> [Work task]:
Find the line in the entries below that contains "竹泉窯 竹政製陶 ウォーターリッド鍋 ラウンドL 赤/白 T-0007-026". Repeat it exactly, and every line after it through the line that contains "美品 パーリーゲイツ ファー パーカー ジャケット ロゴワッペン リブライン".

> [Information]:
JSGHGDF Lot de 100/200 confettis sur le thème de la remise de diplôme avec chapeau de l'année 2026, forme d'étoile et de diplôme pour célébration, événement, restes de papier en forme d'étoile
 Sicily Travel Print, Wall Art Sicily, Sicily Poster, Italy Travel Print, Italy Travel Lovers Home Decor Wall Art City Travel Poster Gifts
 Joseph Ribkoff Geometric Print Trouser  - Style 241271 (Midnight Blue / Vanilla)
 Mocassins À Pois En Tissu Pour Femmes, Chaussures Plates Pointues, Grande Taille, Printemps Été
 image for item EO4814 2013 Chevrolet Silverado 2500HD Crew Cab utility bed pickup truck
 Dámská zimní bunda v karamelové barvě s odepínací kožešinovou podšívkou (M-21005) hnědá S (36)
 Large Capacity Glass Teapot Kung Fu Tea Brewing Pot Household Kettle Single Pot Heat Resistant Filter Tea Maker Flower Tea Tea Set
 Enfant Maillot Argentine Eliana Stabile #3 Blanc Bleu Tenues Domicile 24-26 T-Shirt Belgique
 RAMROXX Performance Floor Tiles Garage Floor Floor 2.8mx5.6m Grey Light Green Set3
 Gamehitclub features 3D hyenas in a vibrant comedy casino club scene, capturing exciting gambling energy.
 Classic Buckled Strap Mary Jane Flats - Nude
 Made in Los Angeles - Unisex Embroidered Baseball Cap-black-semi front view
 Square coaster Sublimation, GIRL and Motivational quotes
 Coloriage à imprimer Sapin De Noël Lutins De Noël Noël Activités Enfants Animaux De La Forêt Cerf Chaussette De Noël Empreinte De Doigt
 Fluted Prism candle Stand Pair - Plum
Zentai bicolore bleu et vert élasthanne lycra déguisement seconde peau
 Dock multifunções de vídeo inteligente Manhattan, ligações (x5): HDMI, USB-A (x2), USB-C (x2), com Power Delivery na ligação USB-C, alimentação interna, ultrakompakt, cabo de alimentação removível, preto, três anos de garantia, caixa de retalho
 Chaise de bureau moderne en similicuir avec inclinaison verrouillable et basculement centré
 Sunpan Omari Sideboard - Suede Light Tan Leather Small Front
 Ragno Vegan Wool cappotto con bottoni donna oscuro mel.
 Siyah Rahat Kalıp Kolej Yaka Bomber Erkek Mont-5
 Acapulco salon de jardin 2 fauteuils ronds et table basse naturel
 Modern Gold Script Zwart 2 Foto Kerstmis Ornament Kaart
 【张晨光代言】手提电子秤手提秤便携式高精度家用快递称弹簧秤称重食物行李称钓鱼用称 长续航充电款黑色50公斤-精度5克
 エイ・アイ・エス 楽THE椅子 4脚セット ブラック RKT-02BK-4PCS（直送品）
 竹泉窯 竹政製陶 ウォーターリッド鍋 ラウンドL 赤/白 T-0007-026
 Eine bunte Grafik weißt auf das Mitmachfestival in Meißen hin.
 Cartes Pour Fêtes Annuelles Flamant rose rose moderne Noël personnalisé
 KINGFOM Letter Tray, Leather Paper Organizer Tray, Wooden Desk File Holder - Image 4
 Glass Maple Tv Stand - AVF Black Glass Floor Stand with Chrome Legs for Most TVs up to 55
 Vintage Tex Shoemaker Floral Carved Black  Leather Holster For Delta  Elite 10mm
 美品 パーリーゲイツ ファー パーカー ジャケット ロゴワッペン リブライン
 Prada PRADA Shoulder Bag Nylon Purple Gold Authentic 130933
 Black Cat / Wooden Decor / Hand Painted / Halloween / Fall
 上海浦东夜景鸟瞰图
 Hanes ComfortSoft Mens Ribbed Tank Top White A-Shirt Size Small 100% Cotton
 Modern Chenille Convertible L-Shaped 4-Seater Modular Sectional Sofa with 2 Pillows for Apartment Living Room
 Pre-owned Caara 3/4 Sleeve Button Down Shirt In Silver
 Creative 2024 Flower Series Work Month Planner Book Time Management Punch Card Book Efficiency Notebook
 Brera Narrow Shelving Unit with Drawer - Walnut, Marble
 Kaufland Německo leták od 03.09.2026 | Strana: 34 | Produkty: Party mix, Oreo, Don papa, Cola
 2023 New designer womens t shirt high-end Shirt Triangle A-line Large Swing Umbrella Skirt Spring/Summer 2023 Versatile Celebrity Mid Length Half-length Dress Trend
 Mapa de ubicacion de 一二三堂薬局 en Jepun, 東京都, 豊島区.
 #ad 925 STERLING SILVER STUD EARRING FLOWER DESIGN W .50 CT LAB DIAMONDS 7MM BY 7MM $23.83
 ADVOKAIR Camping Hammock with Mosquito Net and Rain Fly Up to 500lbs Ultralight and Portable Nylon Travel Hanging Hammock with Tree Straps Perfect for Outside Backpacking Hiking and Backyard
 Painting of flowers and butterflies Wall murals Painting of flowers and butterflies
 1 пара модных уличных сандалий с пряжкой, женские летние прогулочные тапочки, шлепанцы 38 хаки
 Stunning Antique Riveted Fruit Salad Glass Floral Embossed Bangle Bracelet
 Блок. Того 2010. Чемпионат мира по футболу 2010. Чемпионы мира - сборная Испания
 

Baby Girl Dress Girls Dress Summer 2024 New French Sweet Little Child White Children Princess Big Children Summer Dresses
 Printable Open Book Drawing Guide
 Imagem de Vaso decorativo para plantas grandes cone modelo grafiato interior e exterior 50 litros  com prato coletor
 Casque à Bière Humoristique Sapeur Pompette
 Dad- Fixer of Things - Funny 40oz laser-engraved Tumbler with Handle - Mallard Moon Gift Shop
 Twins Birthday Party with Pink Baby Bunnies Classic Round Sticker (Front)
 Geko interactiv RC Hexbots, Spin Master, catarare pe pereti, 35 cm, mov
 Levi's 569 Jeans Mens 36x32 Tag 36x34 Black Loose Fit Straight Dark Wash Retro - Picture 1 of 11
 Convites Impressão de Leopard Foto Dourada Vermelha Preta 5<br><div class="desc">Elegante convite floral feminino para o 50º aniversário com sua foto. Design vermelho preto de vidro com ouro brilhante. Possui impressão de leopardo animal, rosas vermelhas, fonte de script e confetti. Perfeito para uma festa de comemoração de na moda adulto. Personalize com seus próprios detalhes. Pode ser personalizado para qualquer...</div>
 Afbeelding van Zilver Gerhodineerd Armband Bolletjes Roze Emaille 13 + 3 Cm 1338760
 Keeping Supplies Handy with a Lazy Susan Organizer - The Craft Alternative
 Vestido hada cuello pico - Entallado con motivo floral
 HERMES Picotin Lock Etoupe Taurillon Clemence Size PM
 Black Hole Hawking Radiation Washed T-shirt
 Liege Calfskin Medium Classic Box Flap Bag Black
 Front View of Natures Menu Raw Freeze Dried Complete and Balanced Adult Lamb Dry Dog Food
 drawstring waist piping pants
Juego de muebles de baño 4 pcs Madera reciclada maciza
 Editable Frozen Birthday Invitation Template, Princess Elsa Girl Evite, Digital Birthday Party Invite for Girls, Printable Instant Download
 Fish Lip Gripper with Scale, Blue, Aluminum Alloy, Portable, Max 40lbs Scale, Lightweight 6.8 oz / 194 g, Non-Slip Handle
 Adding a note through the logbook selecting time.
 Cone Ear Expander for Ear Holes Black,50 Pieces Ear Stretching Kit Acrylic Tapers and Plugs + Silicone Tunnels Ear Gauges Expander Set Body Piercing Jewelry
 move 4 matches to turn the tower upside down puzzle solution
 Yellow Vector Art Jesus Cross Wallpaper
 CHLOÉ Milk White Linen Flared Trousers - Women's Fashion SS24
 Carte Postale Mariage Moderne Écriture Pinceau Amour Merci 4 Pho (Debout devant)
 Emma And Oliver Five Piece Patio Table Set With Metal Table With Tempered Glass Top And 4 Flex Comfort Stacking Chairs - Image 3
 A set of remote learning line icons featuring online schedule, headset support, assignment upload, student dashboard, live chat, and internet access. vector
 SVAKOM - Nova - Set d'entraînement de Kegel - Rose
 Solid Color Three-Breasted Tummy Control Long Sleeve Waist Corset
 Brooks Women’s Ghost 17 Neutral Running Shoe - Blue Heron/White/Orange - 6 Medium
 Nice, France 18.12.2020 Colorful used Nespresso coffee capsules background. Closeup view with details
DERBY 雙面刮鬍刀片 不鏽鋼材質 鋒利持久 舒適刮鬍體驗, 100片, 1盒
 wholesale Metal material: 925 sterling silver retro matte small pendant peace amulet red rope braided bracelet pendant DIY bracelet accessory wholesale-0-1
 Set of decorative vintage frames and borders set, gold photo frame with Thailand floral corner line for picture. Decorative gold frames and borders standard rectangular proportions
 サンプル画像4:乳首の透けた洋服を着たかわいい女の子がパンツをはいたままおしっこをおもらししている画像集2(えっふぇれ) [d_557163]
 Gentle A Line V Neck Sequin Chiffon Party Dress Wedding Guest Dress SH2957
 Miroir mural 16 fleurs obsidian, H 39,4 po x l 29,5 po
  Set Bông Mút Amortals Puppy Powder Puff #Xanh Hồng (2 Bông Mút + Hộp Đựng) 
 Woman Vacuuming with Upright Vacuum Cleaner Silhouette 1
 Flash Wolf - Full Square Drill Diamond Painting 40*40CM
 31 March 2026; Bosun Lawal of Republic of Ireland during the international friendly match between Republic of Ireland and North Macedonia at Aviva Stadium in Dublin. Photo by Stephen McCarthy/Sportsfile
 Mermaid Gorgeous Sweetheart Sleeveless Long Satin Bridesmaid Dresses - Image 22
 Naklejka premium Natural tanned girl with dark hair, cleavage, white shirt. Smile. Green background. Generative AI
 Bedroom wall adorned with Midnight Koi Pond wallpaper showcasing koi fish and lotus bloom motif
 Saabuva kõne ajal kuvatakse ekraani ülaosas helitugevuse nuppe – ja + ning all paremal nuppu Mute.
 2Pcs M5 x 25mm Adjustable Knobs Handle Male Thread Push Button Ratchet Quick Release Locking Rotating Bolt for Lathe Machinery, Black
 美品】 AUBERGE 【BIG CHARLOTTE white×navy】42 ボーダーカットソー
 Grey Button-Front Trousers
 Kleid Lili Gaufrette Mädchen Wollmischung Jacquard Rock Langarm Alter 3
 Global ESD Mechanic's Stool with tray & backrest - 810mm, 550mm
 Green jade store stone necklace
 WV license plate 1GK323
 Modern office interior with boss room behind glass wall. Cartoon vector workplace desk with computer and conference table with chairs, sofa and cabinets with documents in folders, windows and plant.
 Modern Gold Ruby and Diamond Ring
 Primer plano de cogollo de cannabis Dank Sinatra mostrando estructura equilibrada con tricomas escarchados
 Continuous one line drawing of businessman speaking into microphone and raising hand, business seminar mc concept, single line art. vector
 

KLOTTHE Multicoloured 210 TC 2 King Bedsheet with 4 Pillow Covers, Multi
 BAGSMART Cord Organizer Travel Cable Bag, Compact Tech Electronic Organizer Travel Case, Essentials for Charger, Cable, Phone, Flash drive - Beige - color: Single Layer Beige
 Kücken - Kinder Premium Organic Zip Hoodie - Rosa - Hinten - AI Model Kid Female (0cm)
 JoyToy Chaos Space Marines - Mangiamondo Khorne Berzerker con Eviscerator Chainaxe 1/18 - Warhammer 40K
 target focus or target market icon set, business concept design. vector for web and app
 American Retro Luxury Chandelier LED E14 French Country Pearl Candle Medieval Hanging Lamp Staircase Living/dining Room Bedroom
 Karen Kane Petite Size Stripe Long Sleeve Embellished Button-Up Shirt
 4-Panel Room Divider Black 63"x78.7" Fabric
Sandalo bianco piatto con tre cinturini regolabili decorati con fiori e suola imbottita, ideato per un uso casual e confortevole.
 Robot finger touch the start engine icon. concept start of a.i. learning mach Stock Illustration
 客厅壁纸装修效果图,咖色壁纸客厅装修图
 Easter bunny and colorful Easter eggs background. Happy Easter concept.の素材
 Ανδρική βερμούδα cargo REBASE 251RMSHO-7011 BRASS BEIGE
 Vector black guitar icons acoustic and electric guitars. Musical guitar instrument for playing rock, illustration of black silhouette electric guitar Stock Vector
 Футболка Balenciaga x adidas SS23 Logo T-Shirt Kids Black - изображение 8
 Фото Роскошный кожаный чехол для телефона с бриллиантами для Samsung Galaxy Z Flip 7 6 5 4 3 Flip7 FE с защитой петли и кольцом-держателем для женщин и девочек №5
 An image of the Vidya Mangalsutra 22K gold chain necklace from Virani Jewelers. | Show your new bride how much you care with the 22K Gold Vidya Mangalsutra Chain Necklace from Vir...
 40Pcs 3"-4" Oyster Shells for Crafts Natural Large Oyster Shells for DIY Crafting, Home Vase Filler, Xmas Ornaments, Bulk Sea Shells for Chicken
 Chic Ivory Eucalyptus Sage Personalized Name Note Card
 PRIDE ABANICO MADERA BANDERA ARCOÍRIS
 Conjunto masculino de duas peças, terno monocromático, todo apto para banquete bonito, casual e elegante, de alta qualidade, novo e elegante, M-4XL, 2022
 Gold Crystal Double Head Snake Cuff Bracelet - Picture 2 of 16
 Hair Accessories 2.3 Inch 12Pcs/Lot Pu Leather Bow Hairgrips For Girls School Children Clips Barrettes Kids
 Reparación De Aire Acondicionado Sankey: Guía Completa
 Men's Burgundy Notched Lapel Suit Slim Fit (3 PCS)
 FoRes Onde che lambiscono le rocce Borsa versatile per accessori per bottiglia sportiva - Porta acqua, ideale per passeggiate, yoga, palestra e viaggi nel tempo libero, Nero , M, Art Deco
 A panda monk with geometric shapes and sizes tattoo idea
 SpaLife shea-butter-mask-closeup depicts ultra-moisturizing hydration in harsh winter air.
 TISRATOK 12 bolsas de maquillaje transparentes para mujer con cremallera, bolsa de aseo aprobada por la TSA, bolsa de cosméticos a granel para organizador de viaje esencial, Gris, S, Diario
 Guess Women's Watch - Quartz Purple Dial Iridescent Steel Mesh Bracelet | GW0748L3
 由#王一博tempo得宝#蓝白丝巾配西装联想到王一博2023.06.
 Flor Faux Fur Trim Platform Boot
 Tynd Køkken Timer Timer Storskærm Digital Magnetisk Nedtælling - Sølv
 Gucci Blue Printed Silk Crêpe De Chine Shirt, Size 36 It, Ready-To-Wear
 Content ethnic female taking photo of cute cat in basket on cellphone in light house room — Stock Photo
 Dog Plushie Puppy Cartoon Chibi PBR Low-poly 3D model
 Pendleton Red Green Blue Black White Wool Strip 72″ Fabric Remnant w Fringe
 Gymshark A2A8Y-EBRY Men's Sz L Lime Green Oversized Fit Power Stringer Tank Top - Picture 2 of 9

> [Worked solution]:
 竹泉窯 竹政製陶 ウォーターリッド鍋 ラウンドL 赤/白 T-0007-026
 Eine bunte Grafik weißt auf das Mitmachfestival in Meißen hin.
 Cartes Pour Fêtes Annuelles Flamant rose rose moderne Noël personnalisé
 KINGFOM Letter Tray, Leather Paper Organizer Tray, Wooden Desk File Holder - Image 4
 Glass Maple Tv Stand - AVF Black Glass Floor Stand with Chrome Legs for Most TVs up to 55
 Vintage Tex Shoemaker Floral Carved Black  Leather Holster For Delta  Elite 10mm
 美品 パーリーゲイツ ファー パーカー ジャケット ロゴワッペン リブライン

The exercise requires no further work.